Now, saying slavery was the cause of the South’s Lost Cause hardly qualifies as breaking news — it sounds more like “olds.” But for a Republican governor of Mississippi to say what most Americans consider obvious truth is news. Big news.

It’s significant for two reasons: First, it sounds like Barbour is indeed running for the GOP presidential nomination. Second, it suggests that Mississippi has changed considerably since the 1960s.

...

Many white Mississippians—though not nearly as many as in the past—still insist that secession was about “freedom” and states’ rights, not slavery. Those people are part of the Republican base in Mississippi — and elsewhere in the South.

...

“We are continuing to move away from the old myths of the Civil War,” former Mississippi Gov. William Winter told me recently, “the myth that it was not about slavery, that it was about states’ rights and control by the central government.”

“If we know anything about history,” the former governor continued, “if we read about the background of secession, we know that, of course, it was about slavery.

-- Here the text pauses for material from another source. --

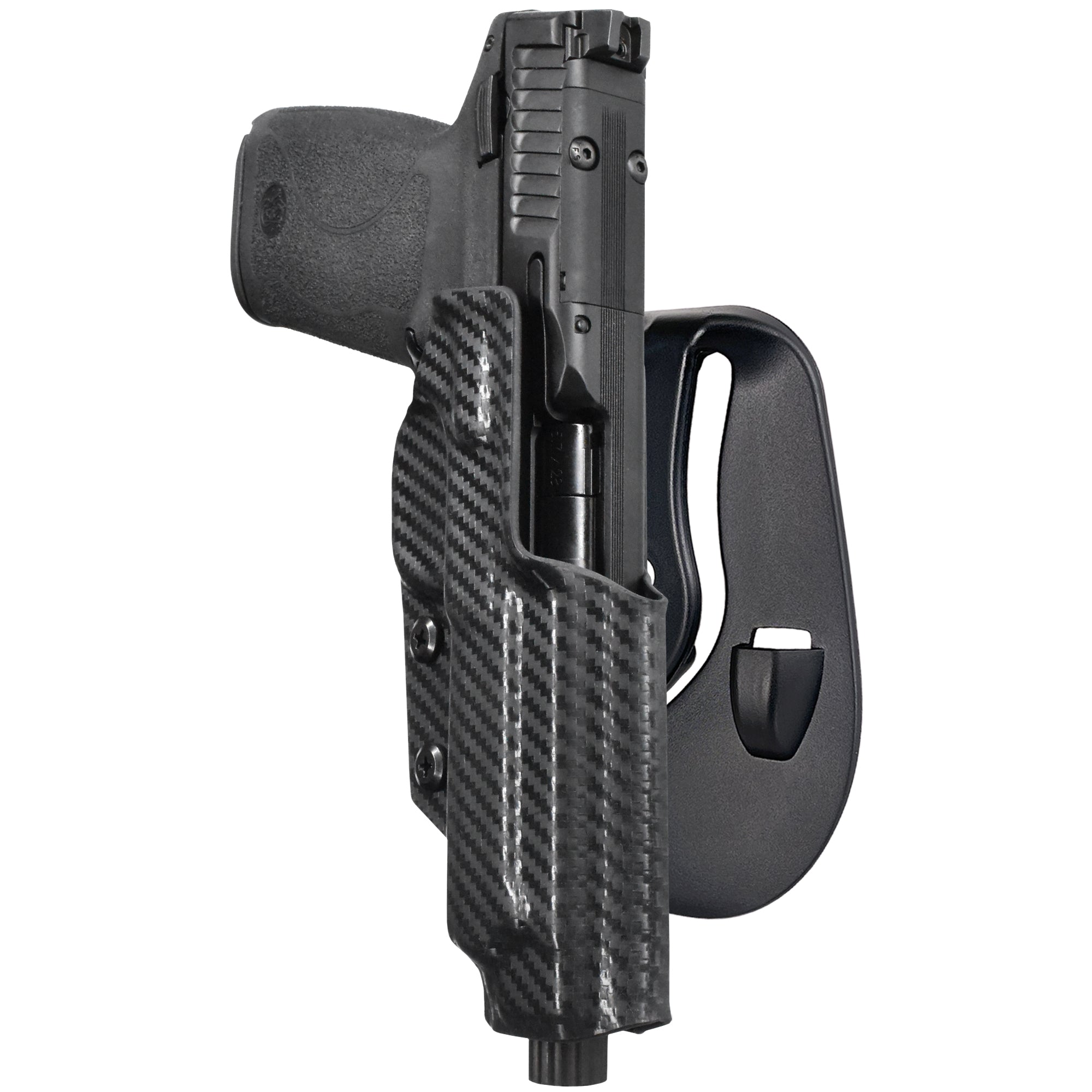 Smith and Wesson M&P 5.7 OWB Paddle Holster in Carbon Fiber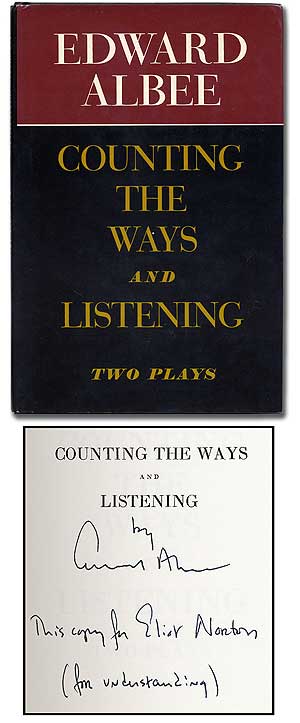 Item #276458 Counting the Ways and Listening: Two Plays. Edward ALBEE.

The Southern states at that point would not have seceded but for the issue of slavery.”

Now Barbour, the sitting governor, has dared to make a similar statement.

http://www.politico.com/news/stories/0311/52026.html

The reason I believe that the Civil War was not about slavery is not that secession was not about slavery. It more or less was. However, neither Lincoln as an individual nor the North collectively went to war to free the slaves or stop slavery. The North went to war to assert the authority of the federal government and to assert that states did not have the authority to secede. Further, Lincoln signed the Emancipation Proclamation as a measure of economic warfare, not as an assertion of human rights.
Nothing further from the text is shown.